View Single Post
11-15-2012, 07:23 PM
#419
Czech Your Math
Registered User

Join Date: Jan 2006
Location: bohemia
Country:
Posts: 4,846
vCash: 500
Quote:
 Originally Posted by Rhiessan71 Sooo...you say that Jagr didn't get a lot of PP time for a while, therefore scored most of his points at ES. Then you try and use that ES to PP ratio, that of course is going to show that Jagr scored a greater % of his points at ES, against Gretzky, who had a more even distribution of PP to ES because he played more on the PP in the beginning of the decade than Jagr did? Just making sure I'm getting this right.
I didn't use the ES to PP ratio for any of those calculations. Adjusted ES points simply means actual ES points adjusted for the ES GPG in the league for each season.

Quote:
 Originally Posted by Rhiessan71 I mean really if anything it just goes to prove that Gretzky's value offensively was that much greater than Jagr's through those years.
Say what? The player who relied more on a stacked PP for his points, but couldn't compare at ES was that much greater because of that? Interesting conclusion.

Quote:
 Originally Posted by Rhiessan71 And that those ratio's of ESGF/ESGA are all well and good but If Jagr is only playing 15 minutes a game while Gretzky plays 20-25. And Gretzky is facing the other teams best checkers early in the decade while Jagr wasn't...how valuable are those first half decade numbers really?
If you'd prefer total adjusted plus-minus for each season, which would generally help the player with more minutes:

Gretzky: 12, 0, 10, -10, -19, 13, 5, 18, -12 (+17 total)
Jagr: -10, 13, 25, 23, 44, 34, 40, 29, 42 (+142 total)

Quote:
 Originally Posted by Rhiessan71 Oh and rationalizing it like a madmen after, still doesn't change the FACT that you used Adjusted Stats as a final answer.
I'm certainly not going to depend on the tally of a bunch of hungover North American sportswriters to form the main basis of opinion for more modern players.
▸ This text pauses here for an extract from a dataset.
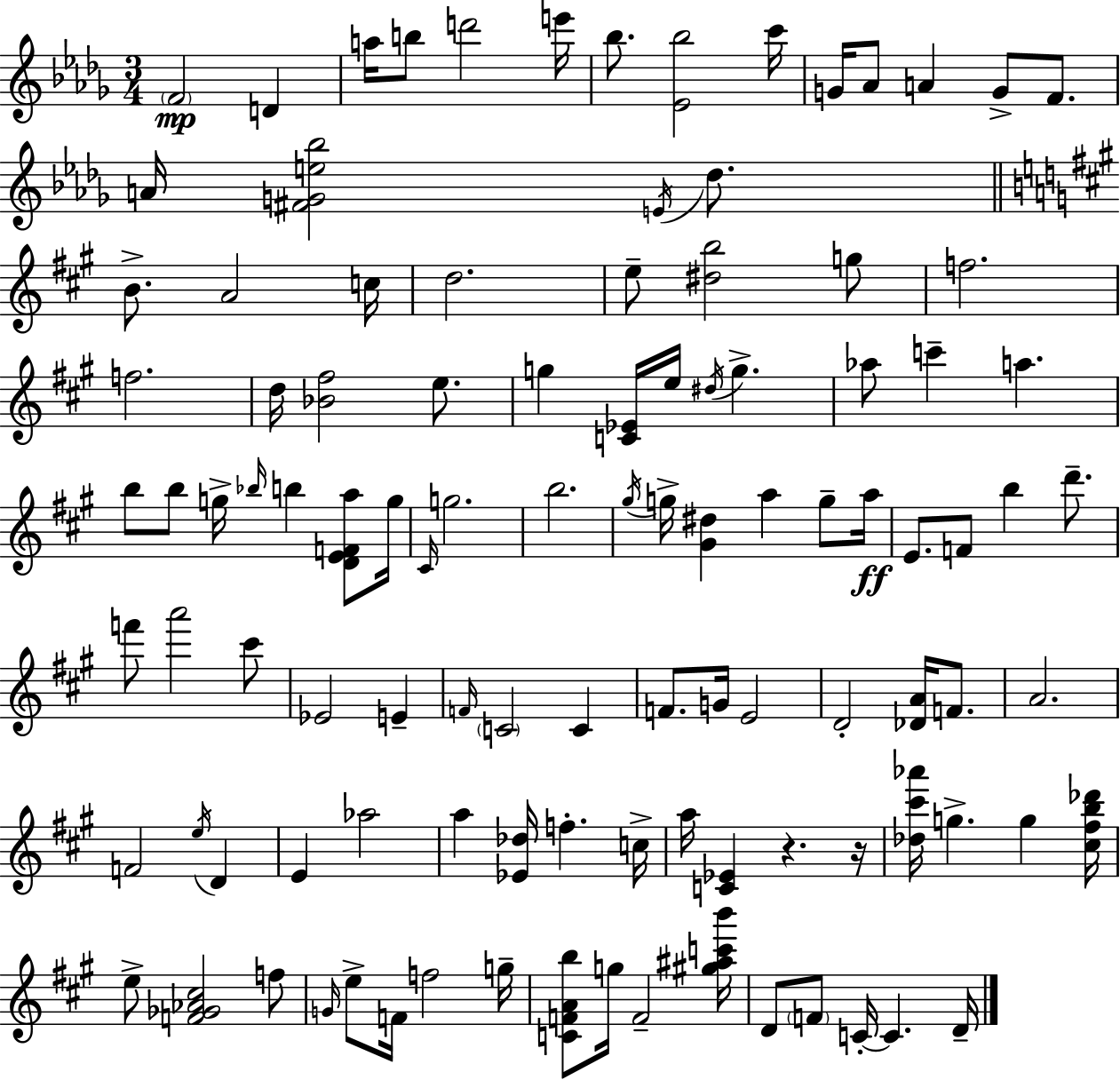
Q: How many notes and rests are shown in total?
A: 107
The adjusted numbers may not be perfect, but they show a substantial difference in value that matches what I saw. After '92, Gretzky's only real advantage was scoring more on the PP for a couple years, when Jagr wasn't getting nearly the opportunity on the PP, but was more effective in ES ice time (for which they had more similar opportunity). There's also a difference between being limited by opportunity, and being limited by age/injuries.